Segment Start: Data excerpts

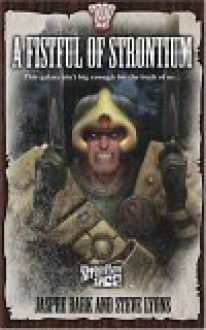 Strontium Dog 5: A Fistful of Strontium (Strontium Dog) - Jaspre Bark, Steve Lyons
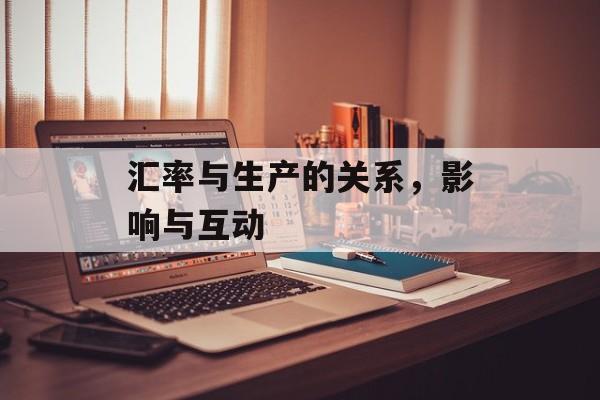 汇率与生产的关系，影响与互动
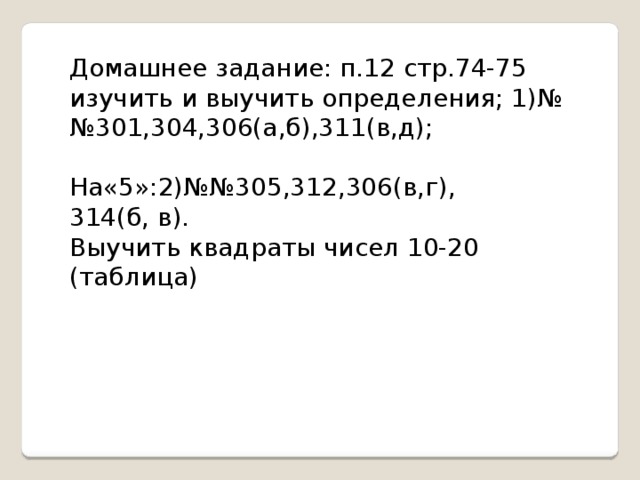 Домашнее задание: п.12 стр.74-75 изучить и выучить определения; 1)№№301,304,306(а,б),311(в,д); На«5»:2)№№305,312,306(в,г), 314(б, в). Выучить квадраты чисел 10-20 (таблица) 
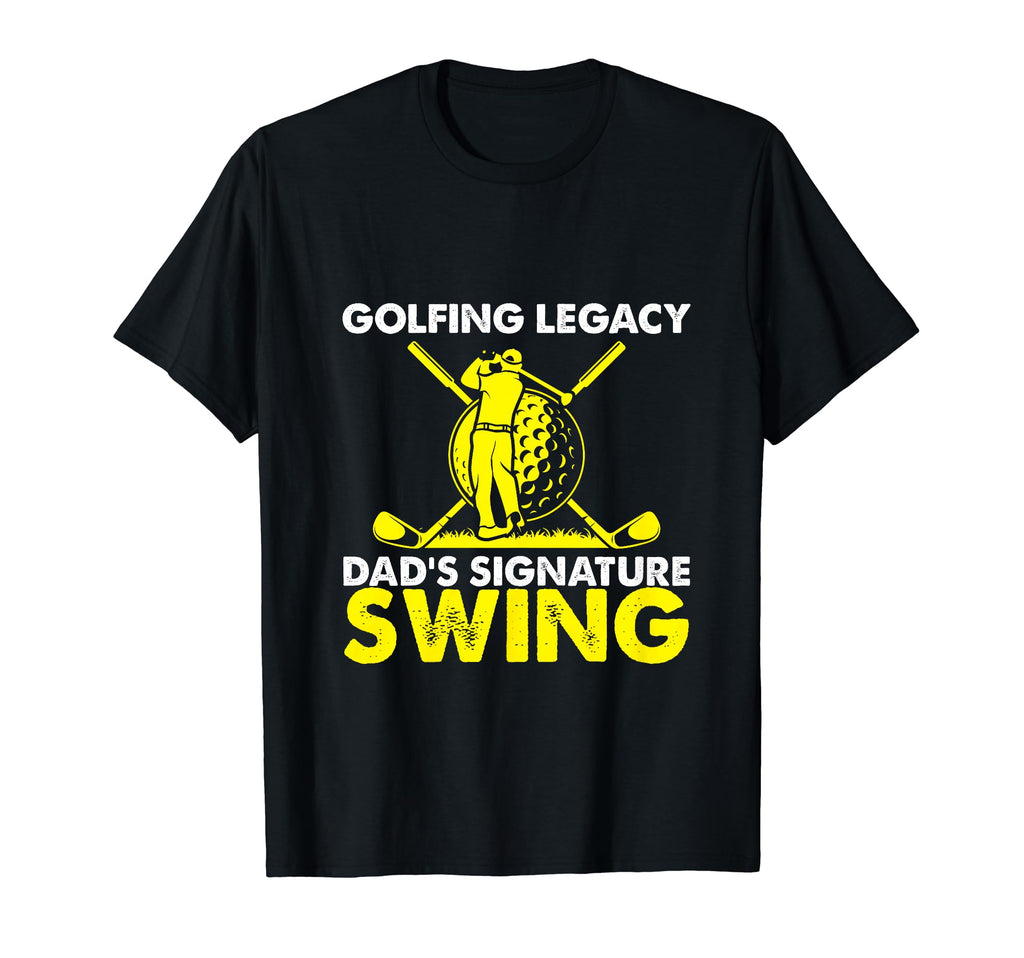 Funny Golfing Legacy Dads T-Shirt - Casual Everyday Wear for Adults - T-Shirt, Sweatshirt, Hoodie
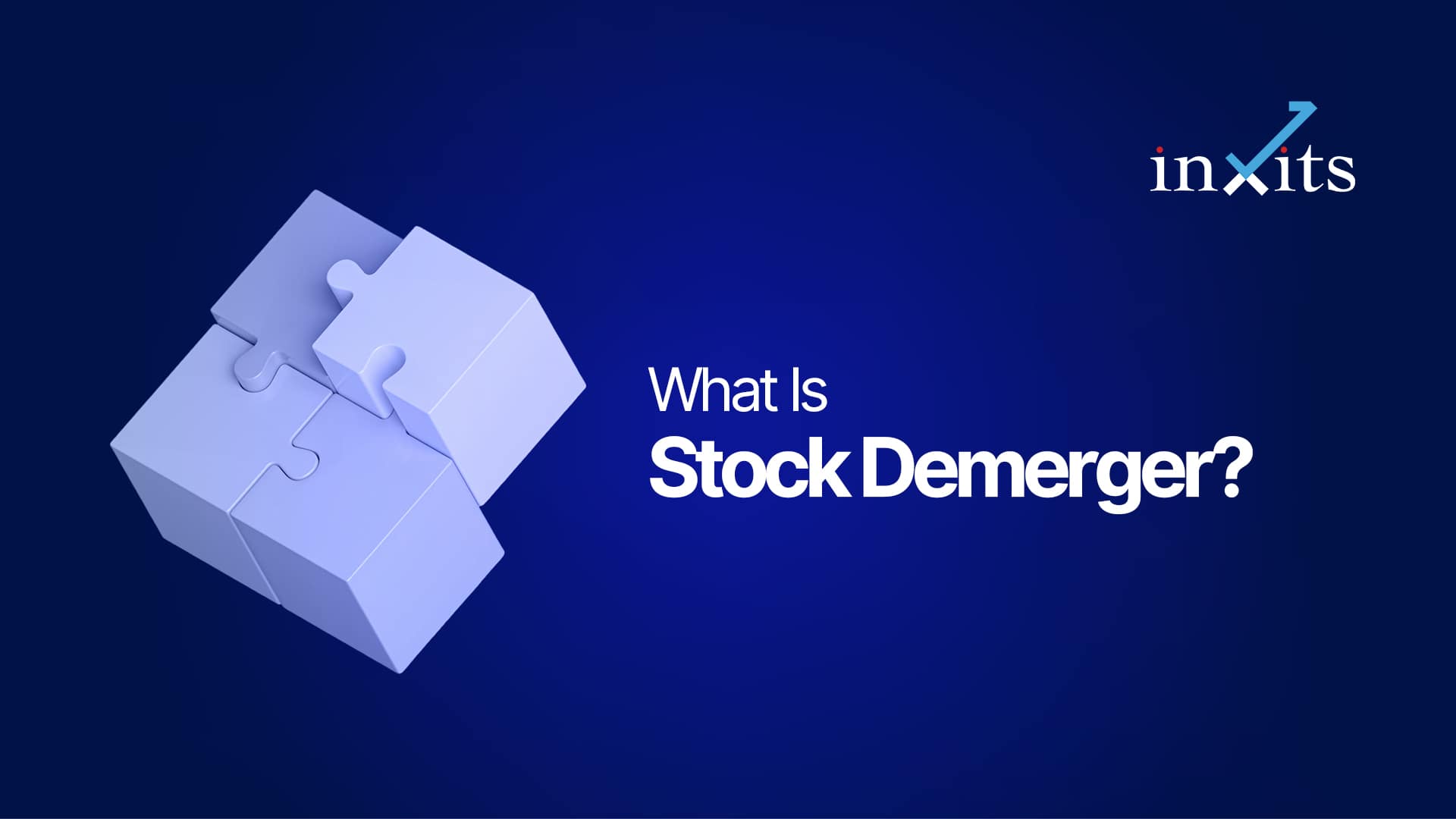 What Is a Stock Demerger? How It Impacts Your Investments
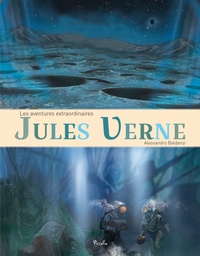 Jules Verne et Alessandro Baldanzi - Les aventures extraordinaires.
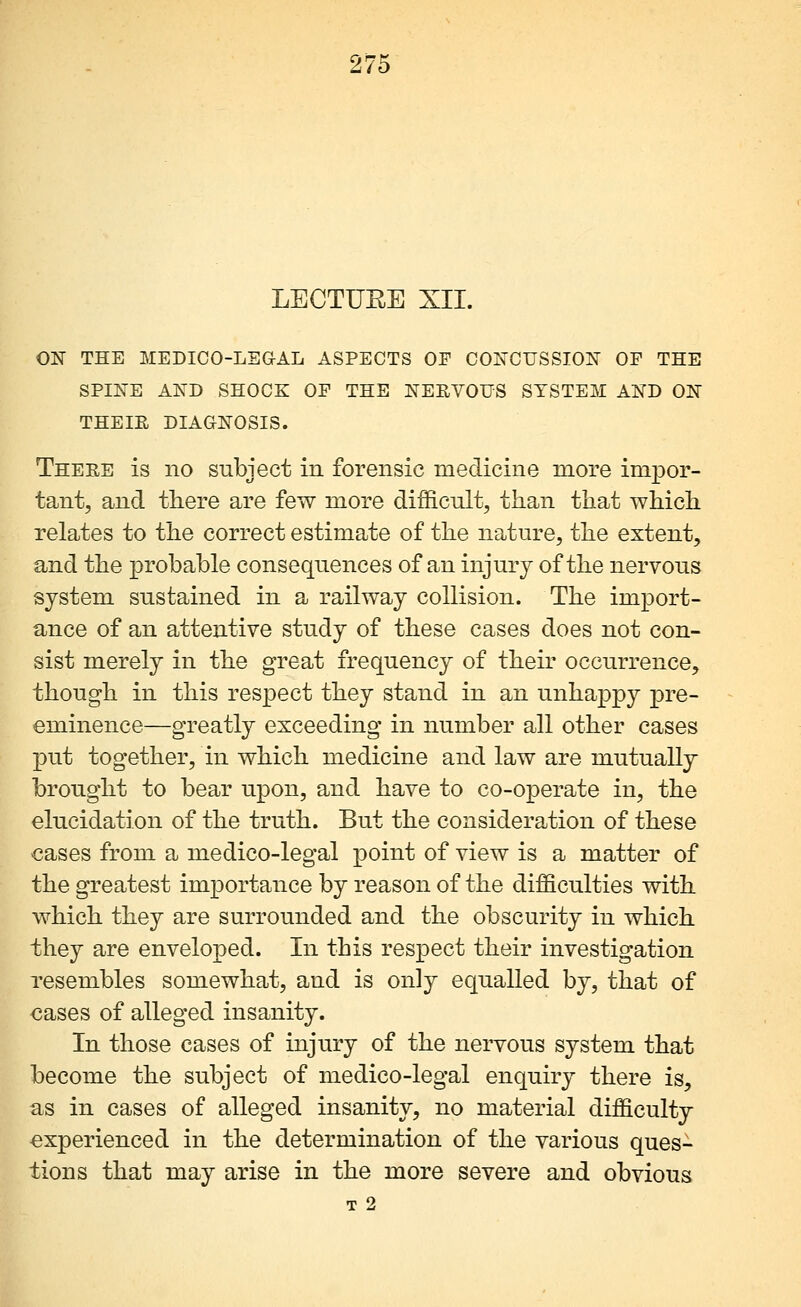 LECTUEE XII. ON THE MEDICO-LEGAL ASPECTS OP CONCUSSION OP THE SPINE AND SHOCK OP THE NERVOUS SYSTEM AND ON THEIR DIAGNOSIS. There is no subject in forensic medicine more impor- tant, and there are few more difficult, than that which relates to the correct estimate of the nature, the extent, and the probable consequences of an injury of the nervous system sustained in a railway collision. The import- ance of an attentive study of these cases does not con- sist merely in the great frequency of their occurrence, though in this respect they stand in an unhappy pre- eminence—greatly exceeding in number all other cases put together, in which medicine and law are mutually brought to bear upon, and have to co-operate in, the elucidation of the truth. But the consideration of these cases from a medico-legal point of view is a matter of the greatest importance by reason of the difficulties with which they are surrounded and the obscurity in which they are enveloped. In this respect their investigation resembles somewhat, and is only equalled by, that of cases of alleged insanity. In those cases of injury of the nervous system that become the subject of medico-legal enquiry there is, as in cases of alleged insanity, no material difficulty experienced in the determination of the various ques- tions that may arise in the more severe and obvious T 2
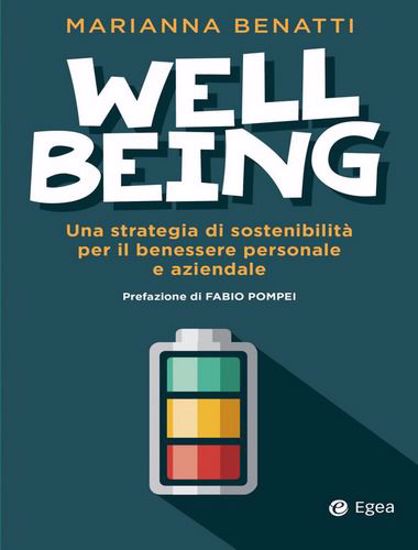 Immagine di Well-being. Una strategia di sostenibilità fra benessere personale e benessere aziendale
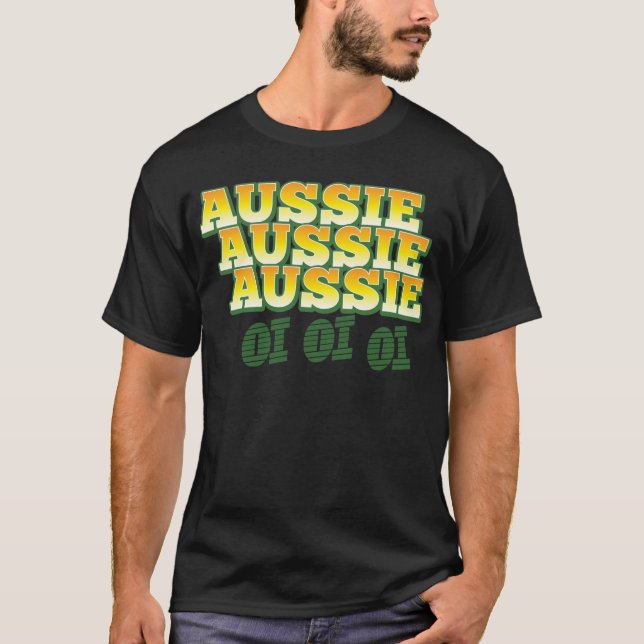 Aussie Aussie Aussie oi oi oi T-Shirt (Front)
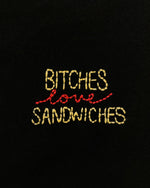 BITCHES LOVE SANDWICHES - SWEATER
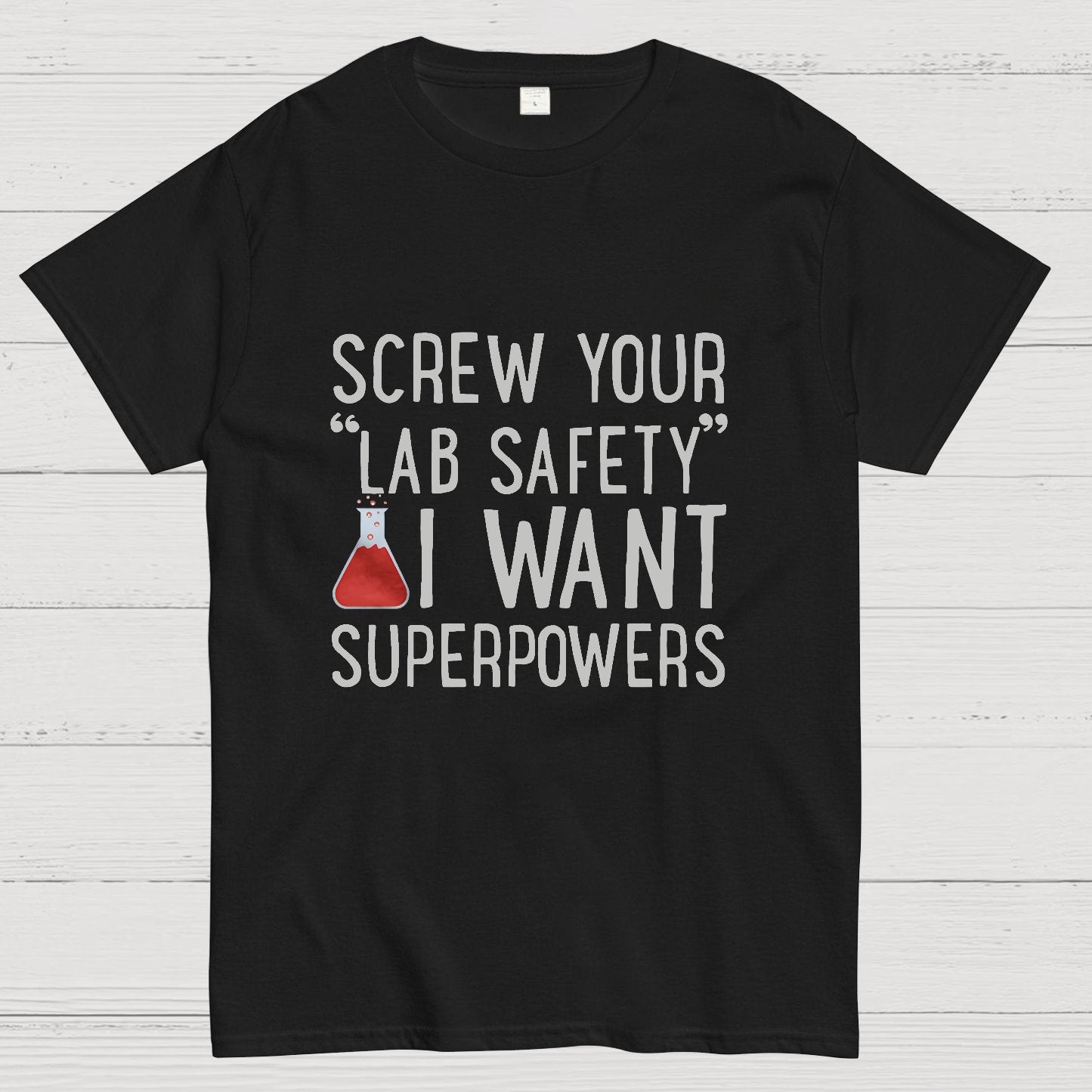Screw Your “Lab Safety”i Want Superpoweners Geeky T-Shirt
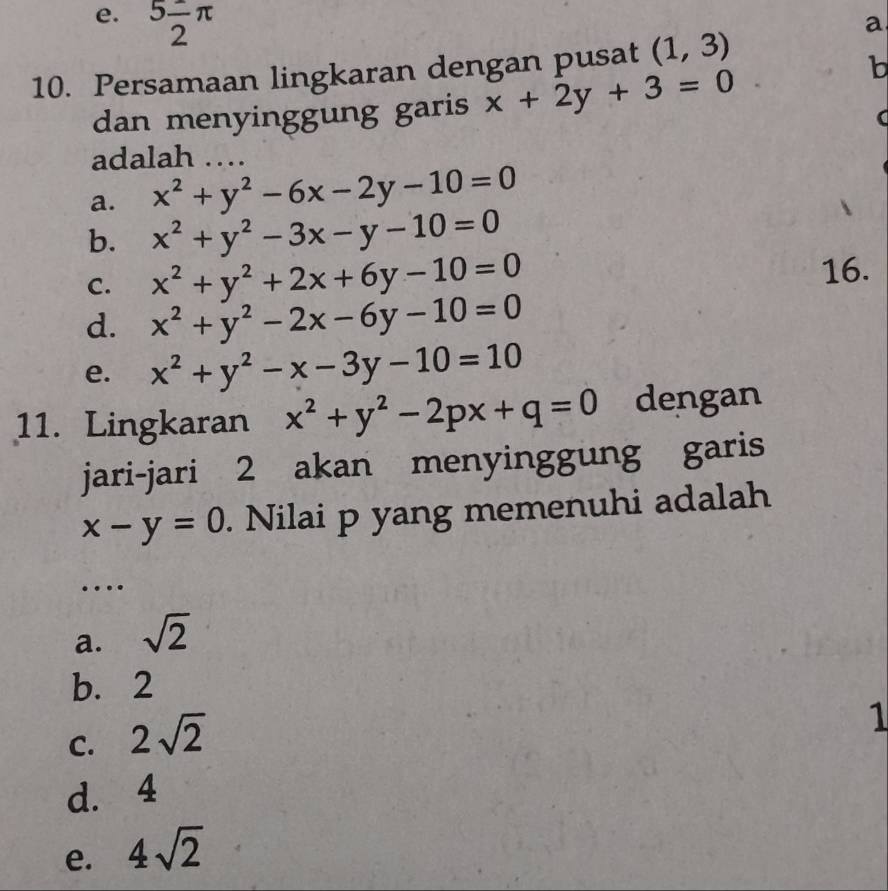 e. 5frac 2π
a
10. Persamaan lingkaran dengan pusat (1,3)
dan menyinggung garis x+2y+3=0
b
adalah …
a. x^2+y^2-6x-2y-10=0
b. x^2+y^2-3x-y-10=0
C. x^2+y^2+2x+6y-10=0
16.
d. x^2+y^2-2x-6y-10=0
e. x^2+y^2-x-3y-10=10
11. Lingkaran x^2+y^2-2px+q=0 dengan
jari-jari 2 akan menyinggung garis
x-y=0. Nilai p yang memenuhi adalah
…
a. sqrt(2)
b. 2
C. 2sqrt(2)
1
d. 4
e. 4sqrt(2)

Segment End: Data excerpts

Transcribe exactly the lines from the one containing "d. x^2+y^2-2x-6y-10=0" through the end of the records, both included, and nothing else.

d. x^2+y^2-2x-6y-10=0
e. x^2+y^2-x-3y-10=10
11. Lingkaran x^2+y^2-2px+q=0 dengan
jari-jari 2 akan menyinggung garis
x-y=0. Nilai p yang memenuhi adalah
…
a. sqrt(2)
b. 2
C. 2sqrt(2)
1
d. 4
e. 4sqrt(2)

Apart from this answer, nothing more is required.